Friday 2 May: Rome to Baia
Up bright and early, so we gave Homer a bit of a clean and filed him up with fresh water. We settled the bill including €1 city tax, per person per day. Nice little earner for the city.
We headed back towards the coast to see what else the region of Lazio had to offer. First pit stop, Ostia Antica the port of ancient Rome with lots and lots of ruins. Oh nearly forgot, Craig did a full English for breakfast and it tasted so good. Then we headed south and it felt very different from what we’d see so far. The fact it started to rain didn’t help but the towns and villages all looked rather desperate and very run down. Almost like concrete blocks from the communist days. In some places, you wondered if anyone still lived there and as we got further south we passed more and more ghost towns. If you did see people they looked well dodgy, so needless to say we kept going. I am guessing the recent recession has hit south Lazio harder than most and by the looks of it, it will take a lot for it to recover.
At Mondragone, we looked for a place to stay but every turning had a locked gate. The residence have put huge gates across alleys and streets, so you can’t enter the village or sea front without a key. A bit like they’ve started to do in and around Manchester to reduce crime rate. We eventually found one lane with access and what a bad decision. It was full of pot holes and very narrow. Poor Homer ended up doing a 30 minute aerobic session, which didn’t impress Peanut one bit.
Cumae seemed quite a nice fishing town with plenty of space to park but the parking times didn’t make sense. We drove around and everywhere was the same – no parking between 3am and 8am? We scratched our heads and decided it wasn’t worth chancing. Later that day we discovered that in summer the nightclubs come out of the town and head to the Lido or beach hence the restriction on parking.

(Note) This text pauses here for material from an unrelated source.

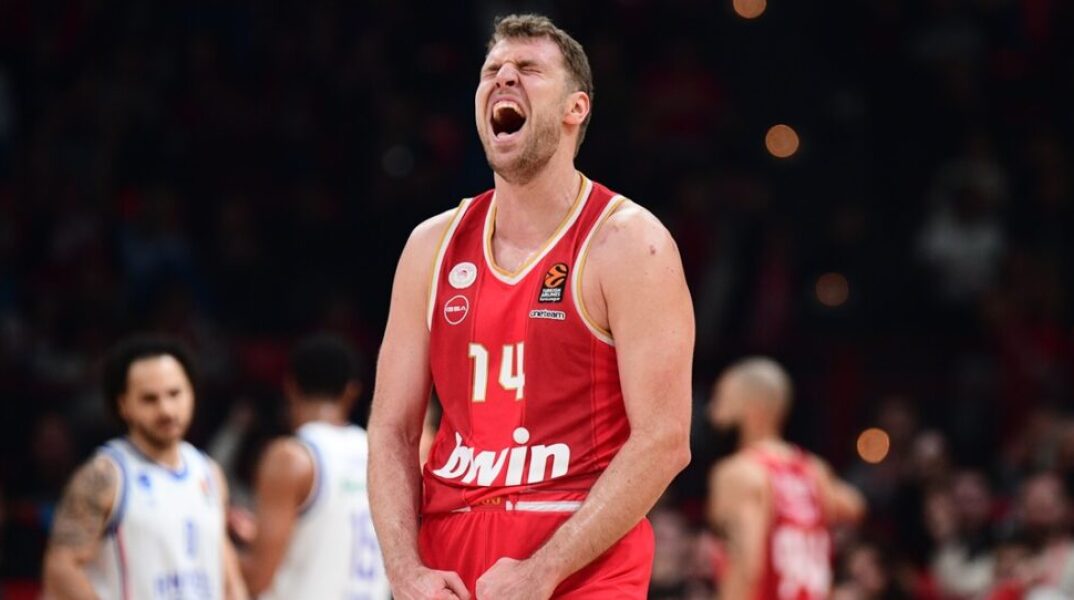 Ο Σάσας Βεζένκοφ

Winding our way up Torregaveta and we spotted a decent sized car park. Unfortunately we only stayed half an hour as the scruffy, wondering locals made us feel uneasy. Eventually we found a good spot just outside Baia – I wonder what this place looks like..guess we’ll need to wait tip morning, night night xxx
Saturday 3 May: Baia to Bacoli
Decent nights sleep considered we’re on a public car park and next to the train tracks. Craig fired the kettle up and we sat and watched the world go by as we slurped our cuppa’s. The local road sweep was busy picking up litter, bagging and placing in a specific spot for the bin men to collect. In about half an hour he’d filled half a dozen bin bags. The local police pulled up on the street adjacent. They stood there for ages looking up at a building. They kept point and then waving their hands. Several people walked by and had a bit of a chat with the police, shaking their heads before they proceeded with their journey. Could this be our 1st International crime? How exciting! Eventually the road sweep chap went over with his brush. He climbed on a step, raised his brush and knocked off a broken piece of marble window frame. The police were worried it might fall on a passer by. No CSI case today.

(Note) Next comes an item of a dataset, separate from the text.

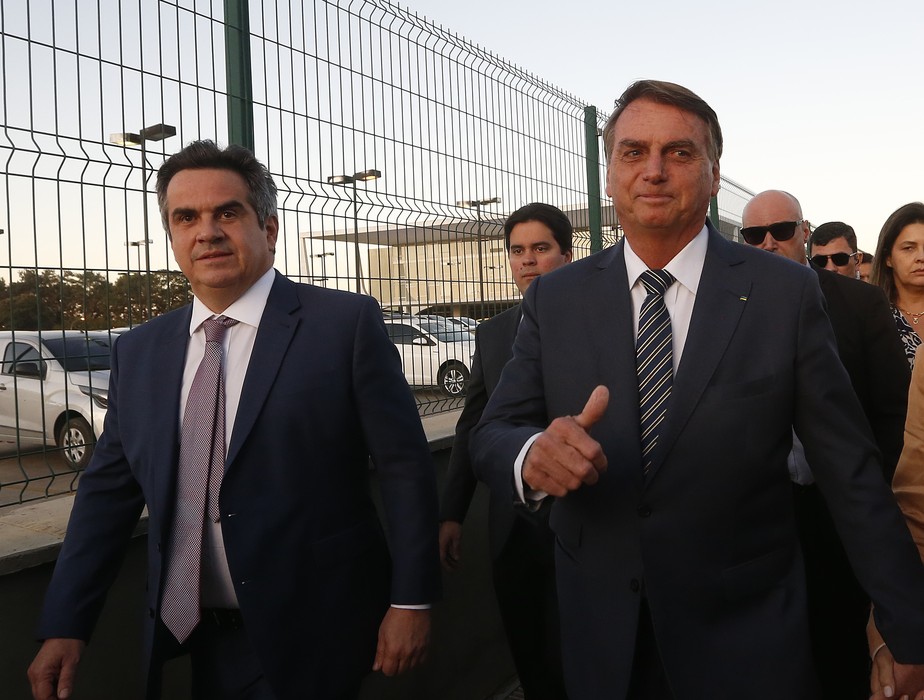 O presidente licenciado do PP, ministro Ciro Nogueira, ao lado do presidente Jair Bolsonaro (PL)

We headed back to Bacoli and in to the phlegrean fields. The fields are a built on the volcano of Solfatara and it constantly gives off sulphurous gases and scalding vapours through cracks in the rocks. We were looking for a local aire but the streets are that narrow we turned in to someone’s back yard. We turned around and then noticed a woman chasing after us. I wound down the window and she asked if we wanted to park the motorhome (in Italian). We accepted, turned around and parked next to their old Bedford motorhome….could this be a girlfriend for Homer? Her husband came out and showed Craig the water and a place to empty the toilet. What a cracking spot. Right in the middle of the phlegrean fields and next to a animal sanctuary and park.

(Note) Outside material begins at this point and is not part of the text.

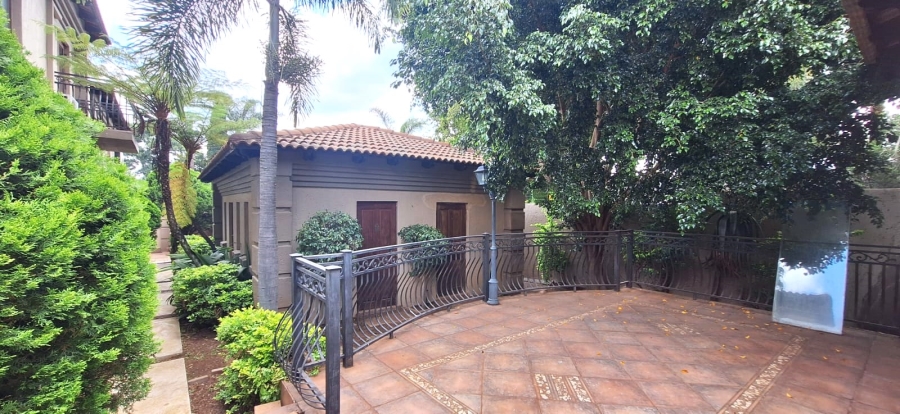 5 Bedroom Property for Sale in Faerie Glen Gauteng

It was still raining and hadn’t stopped for two days, so the ground was pretty saturated. Flip flops are lethal in rain and you might as well wear banana skins. Maybe we should have packed our wellies after all.
The rain backed off for 10 minutes, so we had little walk around our new patch. It was bazaar but I loved it. Imagine a valley will very steep slopes and the slopes are made up of rows and rows of terraces all growing lots of different crops. We are at the bottom of the valley and its just lush vegetation all around. It reminds me of the paddy field in Bali. We walked in to the field at the side and there were horses, donkey’s, goats, rabbits and doves. All roaming freely. Not long and we were joined by the owners dog. Friendly mutt of the heinz 57 breed who we later named Vincenzo.
Late afternoon the rain stopped, so we took a walk in to town. Homer, the dog came bounding over all excited, we patted him on the head and he decided to join us for a walk. Vincenzo was a ‘guide dog’ in every sense of the word and he guided us all the way to the town. He never bothered us and stayed about 10 / 20 feet in front. Every so often he would glance back and make sure we were still following him. What a lovely dog.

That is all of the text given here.